Noeled tiene los ojos vidriosos de emoción, y cuenta:
—Los dos escuchan alaridos terribles de un hombre que está siendo torturado. Llega entonces el inevitable momento en que lo ven, y él no necesita levantar la mirada, no necesita mostrar el rostro para que ellos sepan que ese hombre es Judas, pero también es Pedro y es Pilatos; es Hagen pero también es Kriemhild y Siegfried: no sólo el que dispara la flecha, el que da el beso y señala; también el que niega y se desentiende; también el que revela el punto vulnerable del traicionado; también aquel que permite que lo traicionen. Corre el viajero, huye desesperadamente chocando contra cada muro que en la sombra se le antepone. Como un fantasma surge el guía y abre una puerta en el muro. El viajero comprende que por fin le muestra la salida; pero antes de salir, el guía lo sujeta de los cabellos y le dice al oído: No olvides esta ciudad; y cuando hables de ella no olvides mi nombre; no me llames "el guía", llamadme Virgilio. Entonces lo suelta y el viajero se aleja corriendo.
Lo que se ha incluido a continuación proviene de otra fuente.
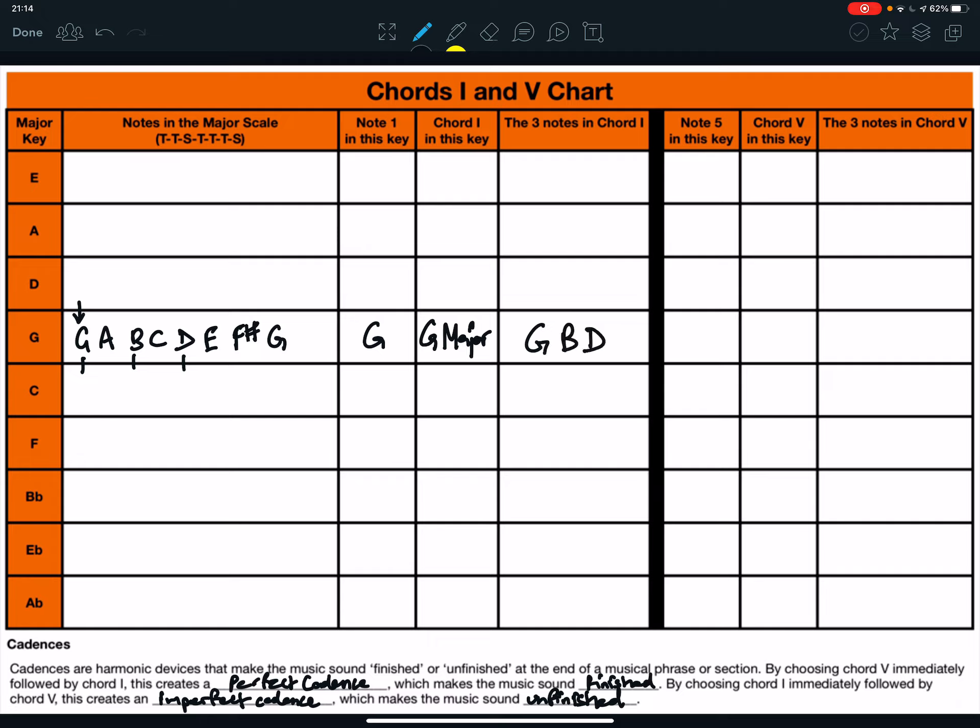On the other side of the black line, it says note 5 in this key. Well, note 5: 1, 2, 3, 4, 5. So, note 5 is D.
— ¿Será preciso que en la escena final se vea que la cuidad amurallada tiene la figura del Diablo? —inquiere Onarres.
Los tres guardan silencio. Aznarrac apaga su último cigarrillo en el cenicero que reina en el centro de la mesa y contemplan el humo que parece envolverlos.

Tomado de La sana teoría, Estruendomudo, Perú, 2006.